Bisnis yang adaptif biasanya merupakan bisnis yang diberdayakan secara digital, yang mana membuat banyak perusahaan berusaha mengejar transformasi digital. Tapi, kenapa dari semua inisiasi transformasi digital yang dilakukan perusahaan, justru banyak transformasi yang gagal memberikan dampak nyata?
Perspektif tentang transformasi
Sebuah transformasi dikatakan berhasil ketika dilakukan bertahap, bisa menghemat biaya, dan berkelanjutan. Dengan kata lain, transformasi berfokus pada hasil. Bisa berupa produk baru, proses yang ditingkatkan, dan kasus penggunaan lain, yang satu per satu memungkinkan Anda membangun kemampuan, nilai bisnis, dan dukungan untuk transformasi lebih lanjut.
Merangkum dari Deloitte, sebagian besar CEO tidak dapat mengartikulasikan strategi dan kemajuan mereka secara keseluruhan di luar investasi mereka ke teknologi. Mereka masih menganggap investasi ke teknologi adalah pencapaian sebenarnya. Padahal, inti dari perubahan, transformasi, adalah semakin terciptanya bisnis yang dapat beradaptasi, bisnis yang dapat berkembang pesat dalam ekonomi digital. Jika CEO tidak dapat mengatakan bahwa transformasi digital mereka menghasilkan keuntungan bisnis baru atau kemampuan beradaptasi, maka sebenarnya mereka belum bisa dikatakan benar-benar berubah.
Fenomena yang ditemui di lapangan salah satunya yakni banyak pemimpin yang sebenarnya sudah paham secara teori bahwa teknologi seharusnya tidak menjadi strategi bisnis. Tapi seringnya mereka lupa. Pemahaman tersebut tenggelam oleh dorongan pertanyaan seperti
“Bagaimana seharusnya strategi AI kita?”
“Bagaimana strategi otomasi kita?”
alih-alih menanyakan
“Bagaimana otomasi bisa mendukung pencapaian strategi kita?”
“Teknologi apa yang bisa membantu realisasi strategi kita?”
Selain itu, kebanyakan masalah dari gagalnya transformasi ini terletak pada sulitnya mendorong perubahan lintas fungsi, merencanakan lebih dari satu teknologi pada satu waktu, atau membuat strategi yang dapat beradaptasi seiring berkembangnya teknologi.

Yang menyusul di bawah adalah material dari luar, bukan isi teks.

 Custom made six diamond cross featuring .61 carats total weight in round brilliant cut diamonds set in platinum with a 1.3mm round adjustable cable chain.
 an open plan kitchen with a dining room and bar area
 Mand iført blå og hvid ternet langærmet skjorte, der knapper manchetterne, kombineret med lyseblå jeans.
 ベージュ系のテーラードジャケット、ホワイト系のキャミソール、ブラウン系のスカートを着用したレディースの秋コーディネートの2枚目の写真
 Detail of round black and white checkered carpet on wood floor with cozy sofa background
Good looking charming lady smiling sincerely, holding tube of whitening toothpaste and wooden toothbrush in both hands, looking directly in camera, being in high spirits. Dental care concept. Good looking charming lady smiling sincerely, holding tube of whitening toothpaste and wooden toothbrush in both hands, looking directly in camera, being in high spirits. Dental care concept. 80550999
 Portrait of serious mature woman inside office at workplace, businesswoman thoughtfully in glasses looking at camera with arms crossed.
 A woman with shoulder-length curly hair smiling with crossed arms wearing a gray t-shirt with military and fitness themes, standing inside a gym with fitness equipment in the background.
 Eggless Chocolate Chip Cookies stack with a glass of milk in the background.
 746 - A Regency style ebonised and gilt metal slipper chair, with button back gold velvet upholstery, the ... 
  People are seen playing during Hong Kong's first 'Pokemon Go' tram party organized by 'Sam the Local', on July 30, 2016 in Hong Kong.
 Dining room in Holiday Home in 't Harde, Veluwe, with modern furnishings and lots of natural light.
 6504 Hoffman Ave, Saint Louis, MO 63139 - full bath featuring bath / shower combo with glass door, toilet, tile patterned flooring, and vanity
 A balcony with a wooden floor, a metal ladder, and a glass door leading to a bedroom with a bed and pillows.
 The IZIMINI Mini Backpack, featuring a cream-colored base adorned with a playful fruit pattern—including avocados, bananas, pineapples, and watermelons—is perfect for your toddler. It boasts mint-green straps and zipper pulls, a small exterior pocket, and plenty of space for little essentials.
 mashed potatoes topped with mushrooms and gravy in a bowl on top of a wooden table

Yang menambah tantangan ini adalah kenyataan bahwa setiap C-level memiliki area fokus dan tujuan yang berbeda. Dari situ, seringnya satu teknologi saja tidak akan memenuhi kebutuhan mereka. Selanjutnya, mereka sering tidak berdiskusi satu sama lain saat membuat keputusan menyangkut teknologi, atau jika mereka melakukannya, mereka kesulitan untuk berkomunikasi secara efektif. Itulah mengapa kami sering menemui satu perusahaan yang memiliki kombinasi solusi yang kompleks, yang semuanya berjalan sendiri-sendiri dan pada akhirnya menyebabkan silo.
Padahal sebenarnya, transformasi digital ibarat olahraga tim yang semuanya harus memiliki bahasa yang sama. Menciptakan bahasa yang umum, bisa dimengerti semua pihak dan terkait secara strategis untuk transformasi digital dapat menjadi jawaban untuk mencapai keunggulan dan kemampuan beradaptasi di era digital. Ditambah lagi, perusahaan harus memiliki buku pedoman atau playbook dan menggunakannya untuk mengkoordinasikan strategi di seluruh fungsi kepemimpinan dengan konsisten dalam menghadapi perubahan.